The results based on Shannon diversity were confirmed by BWPD, another measure of alpha diversity, which accounts for the phylogenetic relatedness and relative abundance of microbial taxa (Fig. 4D). As observed with Shannon diversity, A. jamaicensis from Biodôme has the highest alpha diversity, followed by C. perspicillata from Biodôme and A. jamaicensis from Granby Zoo (Fig. 4D). The BWPD index is not significantly different between bats species (Fig. 4E, Wilcoxon Signed-Rank test, V = 211, p = 0.300), whereas significant differences exist between bats sampled from the Biodôme and Granby Zoo habitats (Fig. 4F, Wilcoxon Signed-Rank test, V = 363, p < 0.001). Results of the BWPD and Shannon index are thus consistent and suggest habitat (and possibly a habitat-species interaction) as the principal forces shaping alpha diversity in the skin microbiome community.

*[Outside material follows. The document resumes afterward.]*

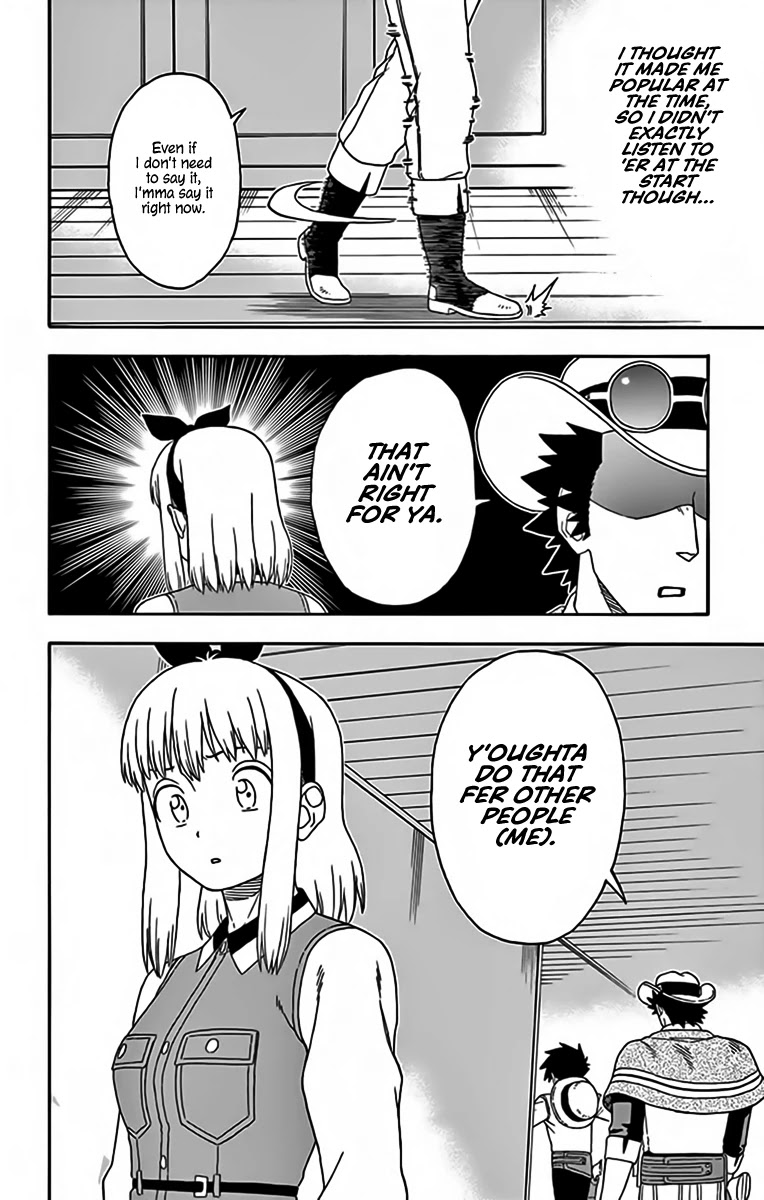 Hoankan Evans no Uso Chapter 123 page 12 - Chapter 123: A Bounty Hunter Has Noting to Spend Her Money On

Habitat and host species shape microbial community beta diversity

We next used beta diversity analysis to estimate the effects of the habitat and host species in shaping the composition of the skin microbiome. Our results show that samples are clustered by both habitat and host species, based on two different metrics of beta diversity (Fig. 5), and that all samples are clearly distinct from negative controls (Fig. S1). Using the JSD^1/2 beta diversity index, individuals of different species from the same habitat (Biodôme) appear to be more closely clustered than individuals of the same species (A. jamaicensis) from distinct habitats (Fig. 5A). The weighted UniFrac analysis still discriminated the samples by habitat at the expense of host species (Fig. 5B). Ordination of only Granby Zoo, which included both male and female A. jamaicensis bats, does not show any clustering according to sex (data not shown). However our limited sample size (only 6 males) prevents us from drawing firm conclusion on the influence of sex on the bat skin microbiome. Sex therefore remains a possible confounding factor of habitat, because the Biodôme contains all male bats, where the Granby zoo was predominantly female. Globally, beta diversity ordinations thus suggest a predominant influence of habitat on skin microbiome beta diversity.

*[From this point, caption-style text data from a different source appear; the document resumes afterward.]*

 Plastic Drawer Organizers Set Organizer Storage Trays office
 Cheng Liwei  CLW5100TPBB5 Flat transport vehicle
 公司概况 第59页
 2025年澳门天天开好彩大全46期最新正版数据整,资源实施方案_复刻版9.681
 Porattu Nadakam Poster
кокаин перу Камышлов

PERMANOVA analyses also strongly supported the ordination results. Habitat and host species together explained the most variation in JSD^1/2 (46.04%, adonis, F = 16.212, p = 0.0001). Habitat appeared to be the most important factor, explaining 31.71% of variation in JSD^1/2 (adonis, F = 18.117, p = 0.0001). In fact, habitat explained more than twice the variance explained by host species factors (11.95%, adonis, F = 5.295, p = 0.0004). However, the PERMANOVA results could be affected by non-homogeneous dispersion of the data. Indeed, the A. jamaicensis samples from the Granby Zoo appeared to be less dispersed in JSD^1/2 (Fig. 5A), and we found different levels of dispersion by habitat (betadisper, F = 33.4298, p = 0.0001) and by habitat and host species combined (betadisper, F = 7.0628, p = 0.0023), but not for host species alone (betadisper, F = 3.5063, p = 0.0703). Nevertheless, the ordination clearly supports a clustering pattern that confirms the importance of habitat and host species factors combined.

Repeating the same analysis on weighted UniFrac distances yielded similar PERMANOVA results (habitat and host species together: 45.82%, adonis, F = 16.066, p = 0.0001; habitat 32.9%, adonis, F = 19.1220, p = 0.0001; host species: 7.2%, adonis, F = 3.0131, p = 0.0340). However, the UniFrac distances did not vary significantly in dispersion by habitat (betadisper, F = 1.6594, p = 0.2077) or habitat and host species combined (betadisper, F = 0.2244, p = 0.7989). Different species were differently dispersed (betadisper, F = 8.0426, p = 0.0081). Results based on Weighted UniFrac confirm that habitat and host species are acting together to shape the skin microbiome of two species of neotropical bats living in distinct habitats. Habitat appears to be the major driver of microbiome community structure, with a more subtle but significant role of host species.